# smallest-free-number
A coding challenge to find the smallest non-negative integer that is not part of a given set of non-negative integers.

Thanks to [Nicolas Rinaudo](https://github.com/abcoates/smallest-free-number.git) for suggesting this problem for a coding challenge.

## Description
This is a simplification a general problem, find the 'least XXX' object that is not already used, where 'XXX' is some arbitrary measurement dimension such as 'large', 'expensive', etc.

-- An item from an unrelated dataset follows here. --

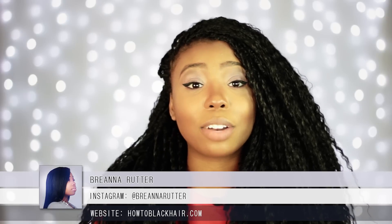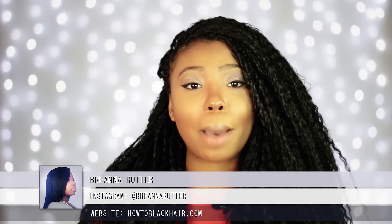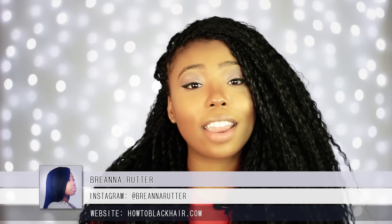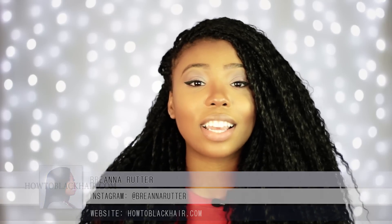Hello everyone, this is Brianna Rutter, author of one of my most popular books, The Natural Hair Bible, and founder of HowToBlackHair.com. For these videos, I answer the questions that you all send me via email. So if any of you have any questions you would like for me to answer, be sure to check out the description box below for additional information.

In this minimal version, you are given a set (i.e. an **unordered** set) of non-negative integers, and you have to find the smallest non-negative integer that is **not** a part of the set.

## Examples
 * \[0, 1, 2, 3, 5\] => 4
 * \[0, 1, 3, 4, 5\] => 2
 * \[2, 1, 0\] => 3
 * \[20, 10, 30\] => 0

## Special Note
You **may** use AI to help you write the code.  As AI coding companions are inevitable, we might as well all start practicising how to use them.  **However**, if you have used AI to help you write your code, please make that clear in your solution.

## Stretch Goal
Finding a solution is straightforward, but can you find a solution that only takes linear time?  Measure how the time taken for your solution varies as the size of the set is increased, and see how close you can get to the time taken growing linearly with the size of the set.  Create a graph of the time measurements again set size.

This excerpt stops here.